But now that the summer is upon us, the limitations of articles 48 and 50 of the Highway Code – and the swingeing fines that can be levied if people do not follow them – are proving just too much.
A petition signed by almost 8,000 motorhomers and enthusiasts has entered parliament, and political parties (PCP communists, Bloco de Esquerda, the Greens and centre-right PSD) have all responded with their own proposals to ease the unpopular status quo.
Promoting the mass gathering from midday in Parque das Nações in Lisbon on June 26, organiser Elizabete Desidério asks for as many participants as possible, so that the message can be transmitted loud and clear.
The idea is for a ‘slow drive’ all the way to parliament. As the vehicles are legally-prohibited from stopping, the plan will involve driving slowly round parliament at least twice.
But it’s not that easy. There are now so many laws governing these four-wheeled home-from-homes that only vehicles licensed since the year 2000 can take part in the protest – and even these cannot be in the middle of Lisbon after 9pm.

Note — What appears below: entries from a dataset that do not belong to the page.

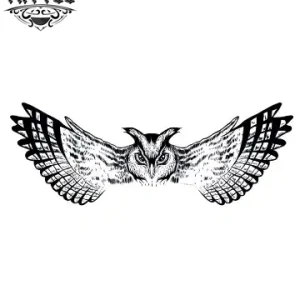 tatouage-ephemere-hibou-aile-ouverte-design-unique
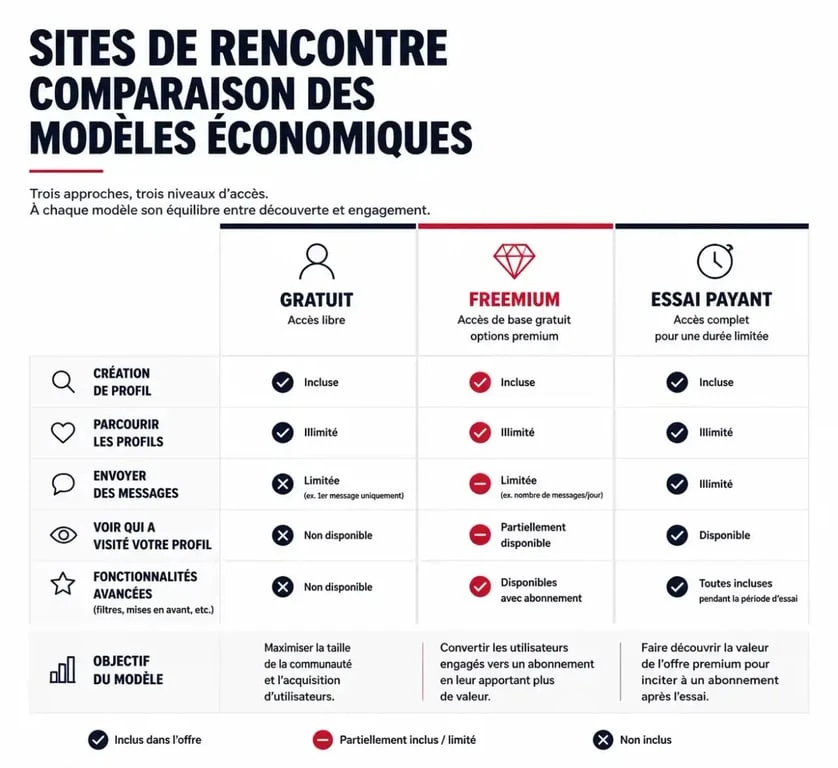 Comparatif des modèles économiques des sites de rencontre européens gratuits et freemium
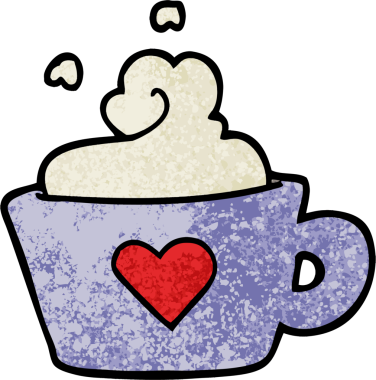 Bir insan tarafından çizilmiş grunge desenli resimli çizgi film kahvesi.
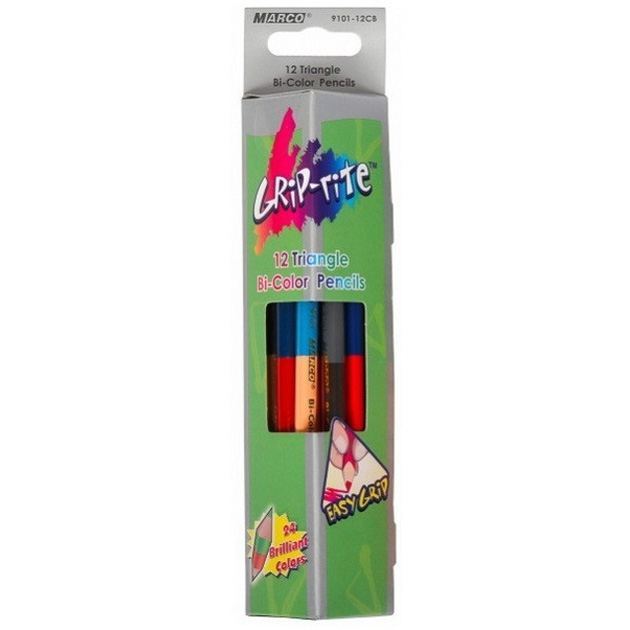 Colored pencils "Marco Grip-rite" 24 colors/12 pcs /9101-12СV/ double-sided (12/240)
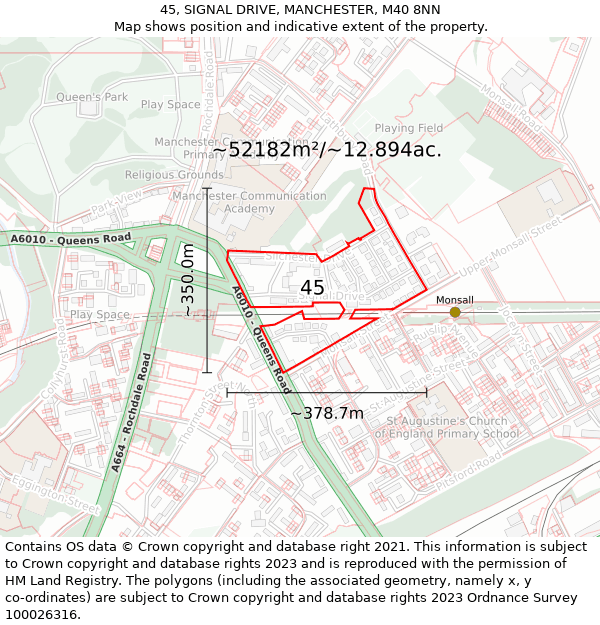 45, SIGNAL DRIVE, MANCHESTER, M40 8NN: Plot and title map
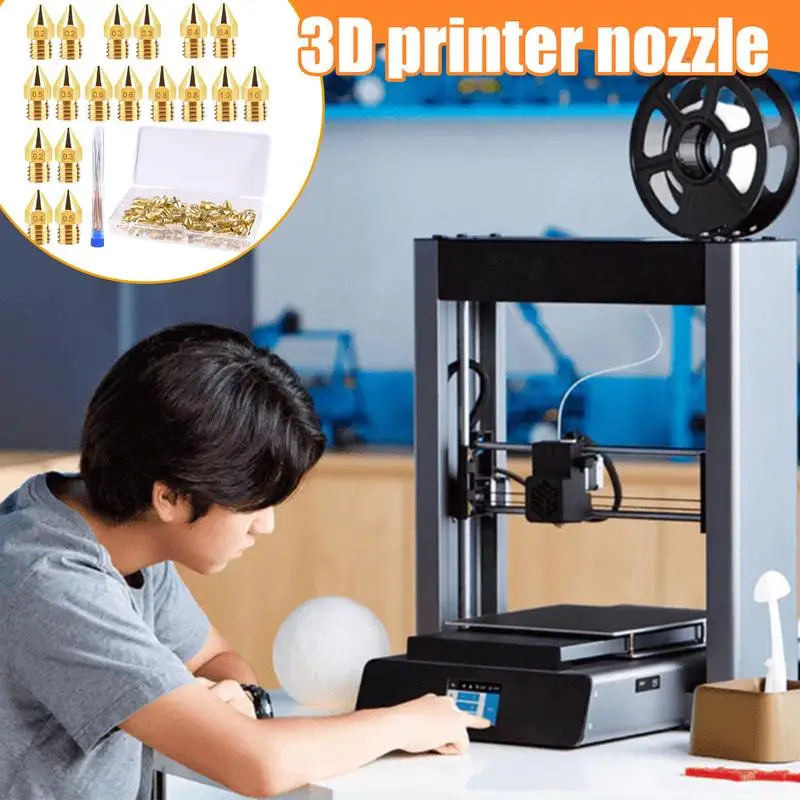 3D Printer Nozzle Tool 70 Pieces Brass Nozzles 3D Printer Nozzles Flexible Hotend Nozzles With Tools For Home Users Business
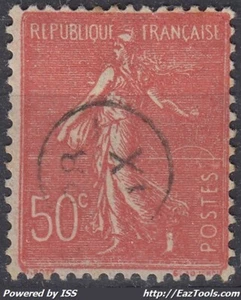 FRANCE : SEMEUSE N° 199 RARE OBLITERATION DE FACTEUR EN CERCLE - Picture 1 of 2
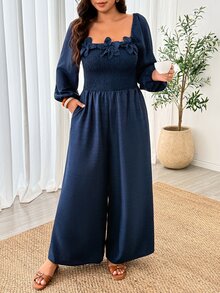 Weeklong Women's Plus Size Square Neck 3D Floral Decor Navy Blue Long Sleeve Shirred Waist With Pockets All-Season Versatile Slimming Jumpsuit Fall - Navy Blue - View 3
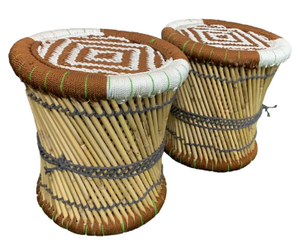 Tabouret pouf en bambou massif écologique fait à la main tabouret Portable pour salon Restaurant jardin os incrustation Console - Product Image 4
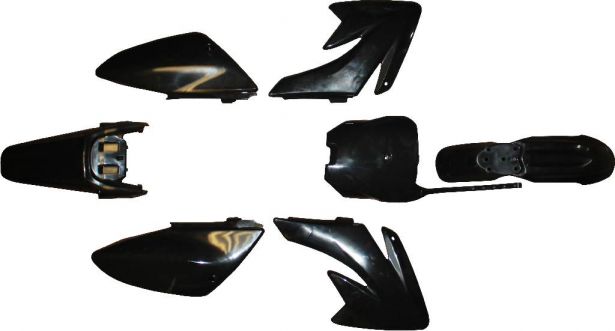 Plastic Set - Honda, 70cc, 125cc, 140cc, 150cc, 160cc, CRF70, CRF70F, Black (7pcs)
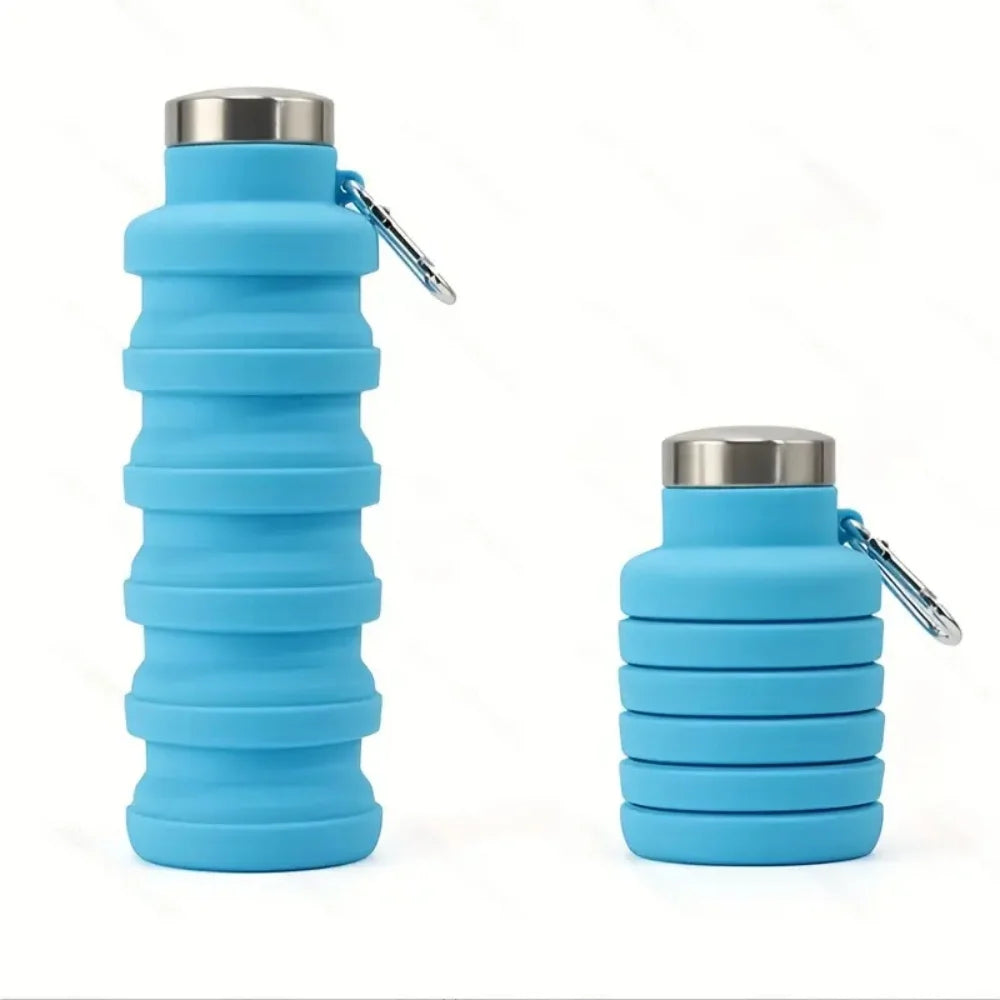 Collapsible Cup Food Grade Silicone Water Bottle Portable Outdoor Zpaxo Blue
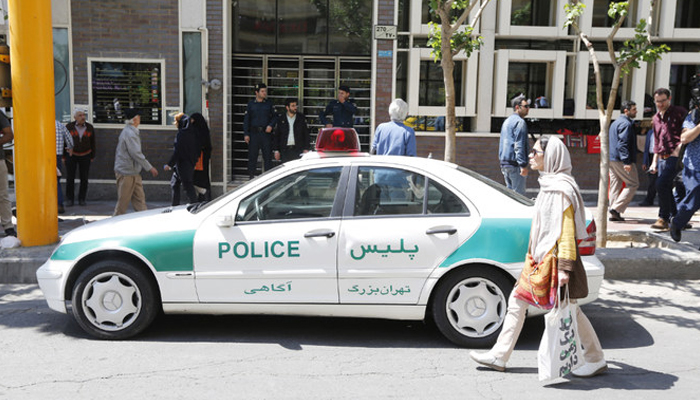 An Iranian police vehicle is seen parked in the capital Tehran. — AFP/File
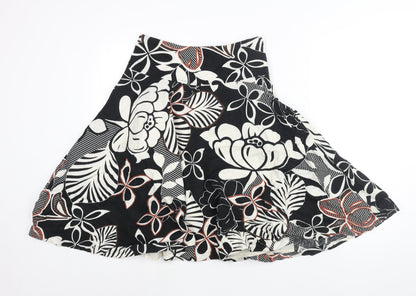 H&M Womens Black Floral Linen Flare Skirt Size 6 Zip
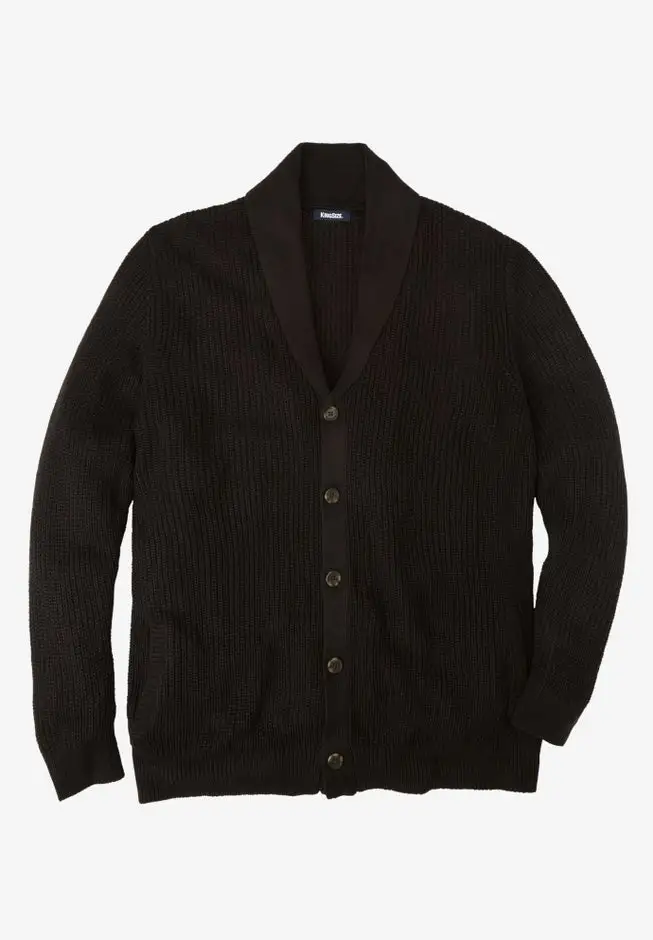Shaker Knit Shawl-Collar Cardigan Sweater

For Elizabete Desidério, the curtailing of motorhomers’ freedoms is like “cutting the wings of a bird”. The new law “totally extinguishes itinerant tourism”, she says.
“It is an attack on citizens’ rights and liberties. We are really talking about an unconstitutional article” – particularly as ‘dozens of ASA’s’ envisaged by Turismo de Portugal have still not been established, meaning motorhomers really do not have sufficient choice in many areas.
In Ms Desidério’s opinion “prohibiting the parking of motorhomes during the day at beaches is akin to removing citizens’ right to a space in a sectarian manner, as anyone driving a regular vehicle is entitled to park at the beach as long as they like.
Lusa explains the new law actually makes it ‘illegal’ for motorhomers even to stop for a rest (unless in an authorised ASA). Taken to its logical conclusion, this means they cannot pause for a cup of coffee, or meal, at a service station.
The Greens and BE stress that there are “extensions of hundreds of kms” throughout Portugal where there is not one parking site that allows motorhomes to stay over”.
The government’s objective in introducing restrictions was to “stop wild camping” and ‘align Portugal with best European practices’.
One of the areas ‘worst affected’ by wild camping has been the west’s Costa Vicentina (running from the Algarve into the Alentejo) – and despite the law, it still remains periodically ‘blighted’ by campers, particularly during the high season.